Having to look elsewhere, I glared at the potted plant at the top of the stairs. It was clearly an imposter. I did not have the courage to examine the faintly snoring lump balled up in the blankets. It looked like the outline of my partner, but I could already tell the pitch was just a little too sharp. I walked down the hall filled with unfamiliar familiars.

Then, I saw the cat. Rather she saw me like she was Minos at the gates of hell. She judged me worse than the bathroom faces.Parents, teachers, cats have all been disappointed with something we did and this one embodies that disappointment so much that she hated me. She had the look of a mountain lion with all the capability bred out of it. She was a cute joke of unconstrained inbreeding that loathed me.

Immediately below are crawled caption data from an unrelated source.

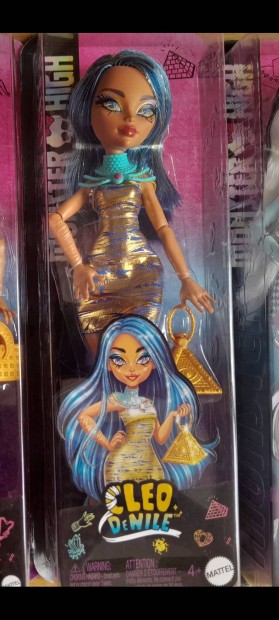 Monster High baba Cleo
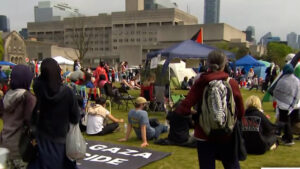 غضب بأميركا وبلجيكا وبريطانيا.. حراك جامعات الغرب المناصر لغزة يتمدد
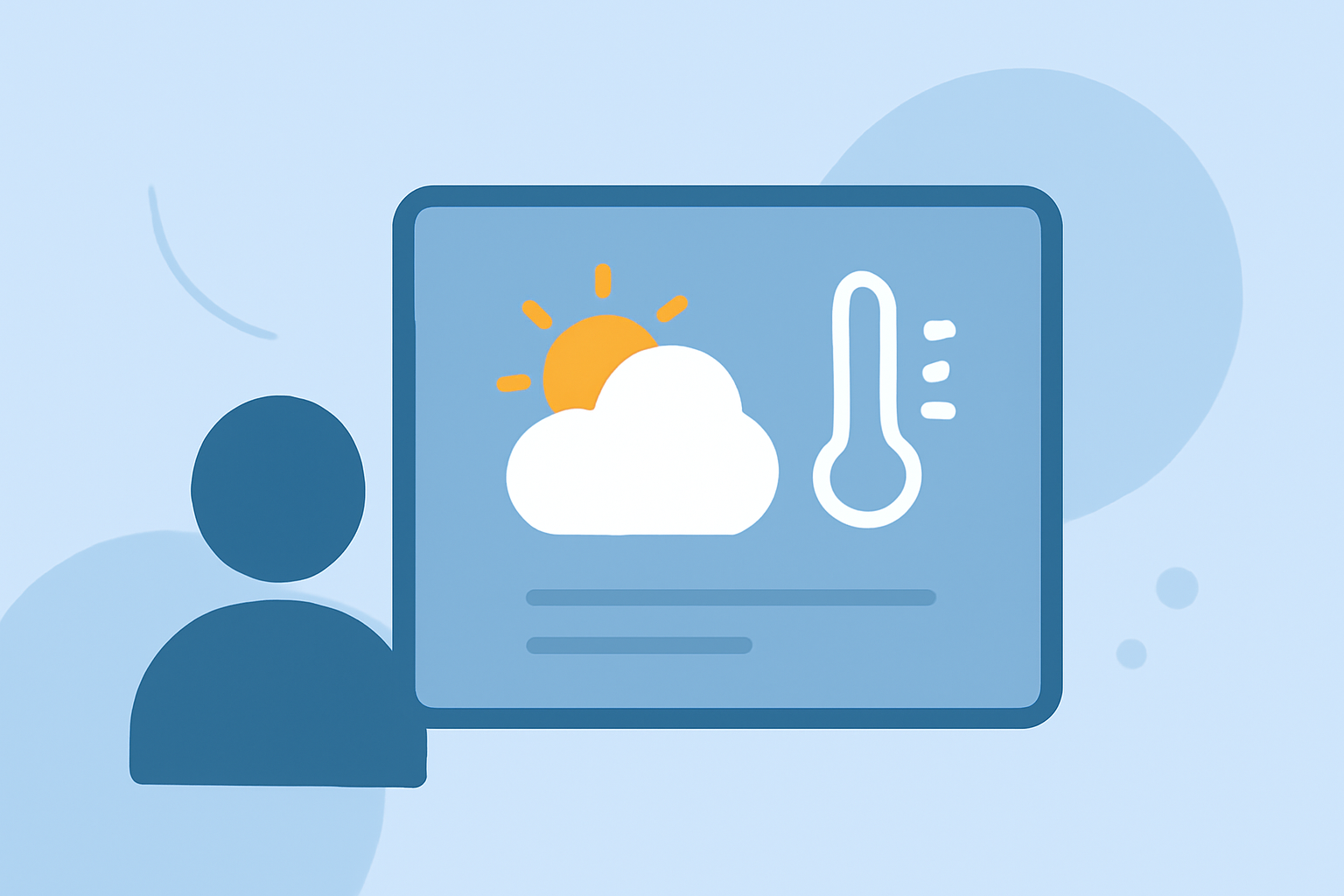 The Best Weather Widget Apps for Small Business Owners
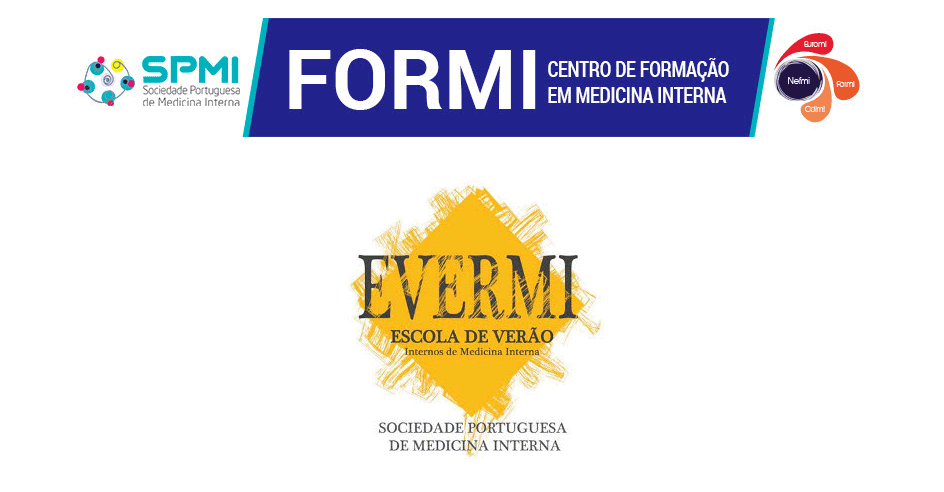 9ª Edição da Escola de Verão de Medicina Interna – EVERMI – Abertas as inscrições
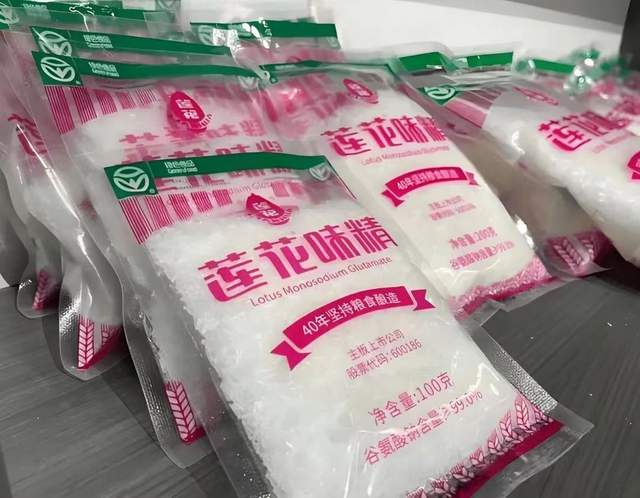 从濒临破产到重回巅峰，41岁的莲花味精杀疯了！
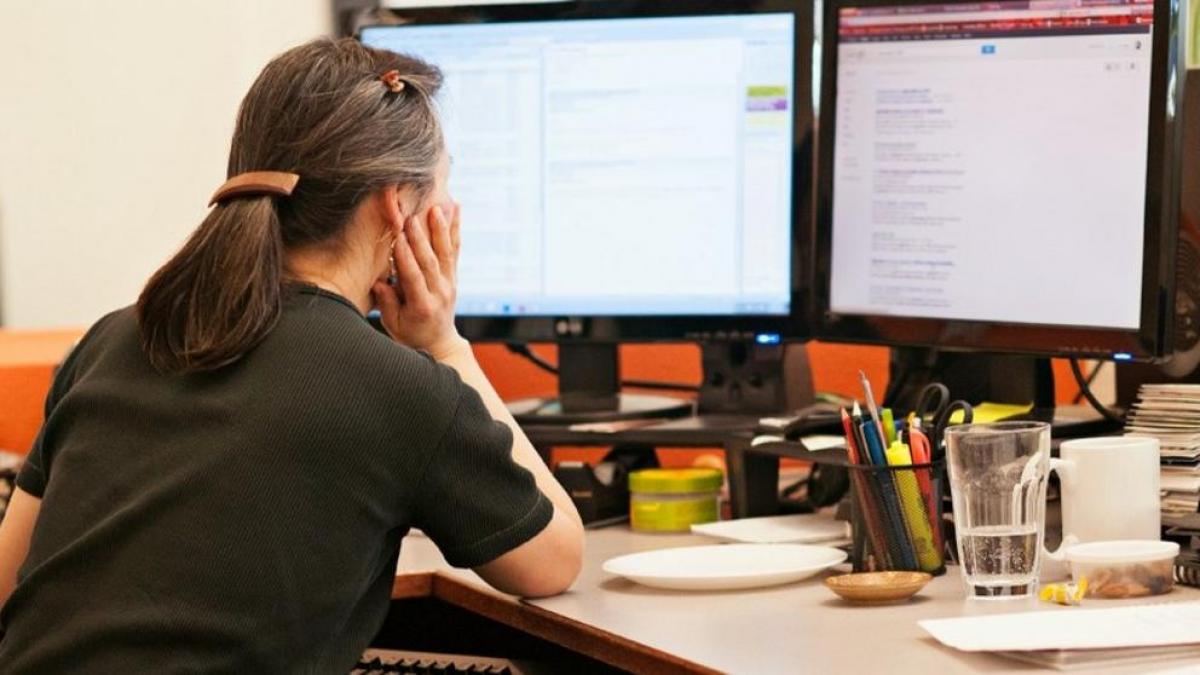 El desprendimiento de retina en el trabajo es accidente laboral, dice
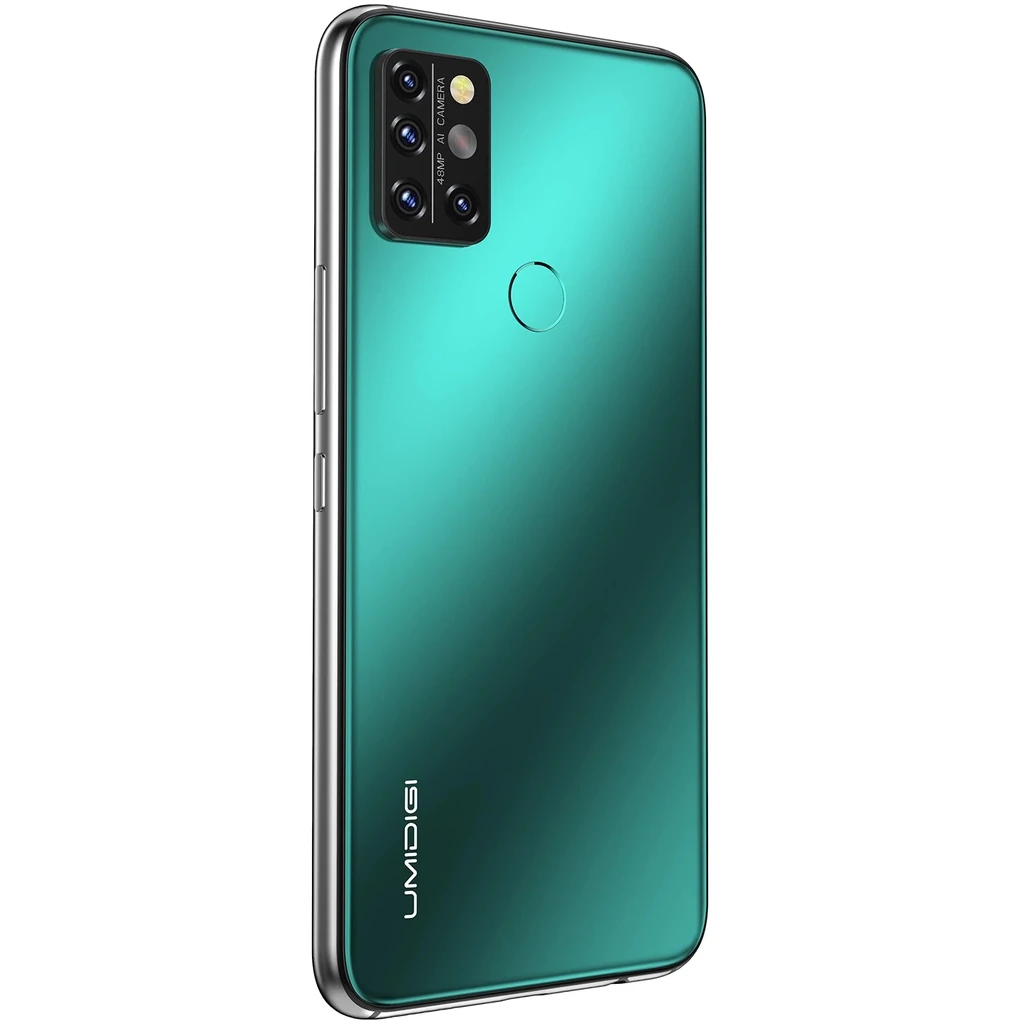 Смартфон Umidigi A9 Pro 8/128GB Green EU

With impotent resentment in her gold eyes, she hissed when I walked out of the front door naked. I was certainly not about to put on another man’s clothes. Come on, our washing machines aren’t autoclave sterilizers. Aside from the germs trapped between the threads, how could I begin to adopt the literal vestments of another man’s life. I lingered by the hall closet and thumbed the fabric of an overcoat, I would never stew in another man’s juices for a second. I’d sooner take my chances naked in the dark.

But where did I go out of the strange house in a cookie cutter neighborhood that looked like mine but with a canopy of alien stars overhead? I did not know. I walked out into the night. Somewhere on the other side of that foreign starlight, somewhere in the shadowy crooks of this doppelgänger world, I could find way back to my own bathtub in my own reality and in my own life. I felt like if I remained naked and vulnerable, stripped bare and soaking in the whatever malignant forces had brought me here, I would return to a world where everything was clean and genuine.